Against the backdrop of a national debate on illegal immigration, a disturbing new dimension of exploitation may have come to light here: slavery.
The controversy stems from a federal crackdown on a ring of people allegedly operating in wealthy Beverly Hills and parts of Los Angeles -- an operation which, according to the Federal Bureau of Investigation, used fraudulent means to bring at least 30 Indonesians to Los Angeles. They were then, according to an FBI agent, ''sold'' as indentured servants for $1,500 to $3,000 each.
Although the federal government is not expected to reveal details of its 11 -month investigation until the case is presented to a federal grand jury sometime next week, the case raises troubling questions about the exploitation of individuals drawn to this country in search of a better life.
According to Omer G. Sewell, deputy district director of the Immigration and Naturalization Service, ''fraud was definitely involved'' in obtaining visas for Indonesians, who are believed to have been recruited in their home country by an Indonesian national and then flown to the US. They were allegedly sold to individuals in this country, who, federal investigators say, kept the illegal immigrants in servitude for up to two years. Felony charges of violating involuntary servitude and conspiracy laws may, according to federal officials, be lodged against individuals involved in the ring. Some of the people under investigation have reportedly denied that the Indonesians were held against their will.
It is not ununusual, explains Mr. Sewell, for the INS to run into cases involving the smuggling of individual illegal immigrants into the US for work as household servants or factory workers.
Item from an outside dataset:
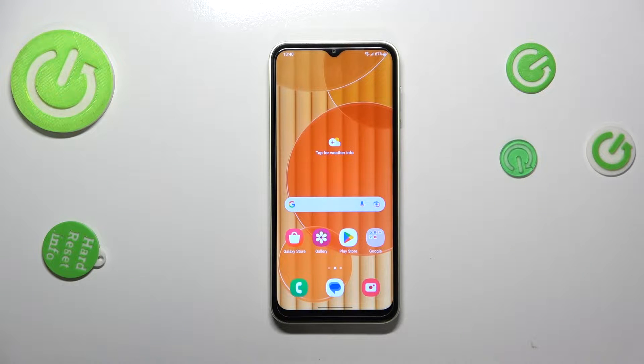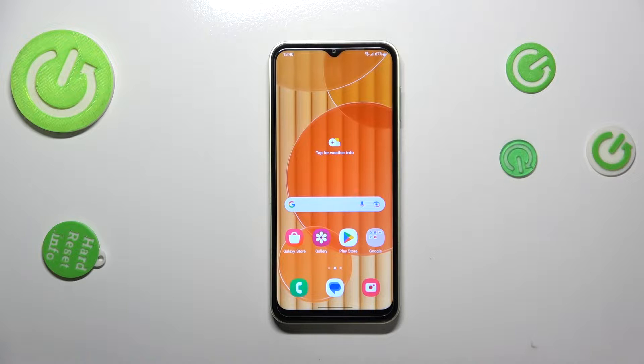Hi everyone, in front of me I've got the Samsung Galaxy M14, and let me share with you how to update the apps on this device.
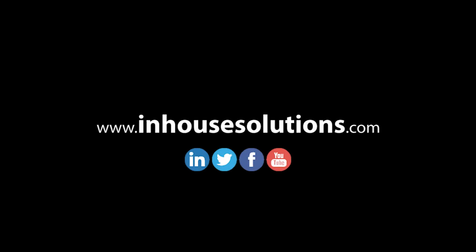If you liked this video and would like to see more tips, tricks, and how-to's, please visit us at inhousesolutions.com and like us on your favorite social media feeds.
What sets the current case apart from the norm, he says, is the ''size and scope'' of the operation, and the fact that individuals were flown in from thousands of miles away, not simply smuggled a short distance over a US border.
''It's a commercial operation,'' he claims. He adds, however, that the INS is not aware of any other such operations in LA, and that the federal crackdown, which involved a sweep of several homes and businesses on Jan. 26, has ''definitely stopped this ring.''
Some of the employers subpoenaed to appear before a grand jury investigating the case have told reporters that they have paid salaries to the Indonesians, in addition to providing room and board. But in some cases, employers allegedly took passports and papers away from the Indonesians. Federal authorities say the Indonesians likely were lured to this country with the promise of a salary much greater than what they could have hoped to earn at home.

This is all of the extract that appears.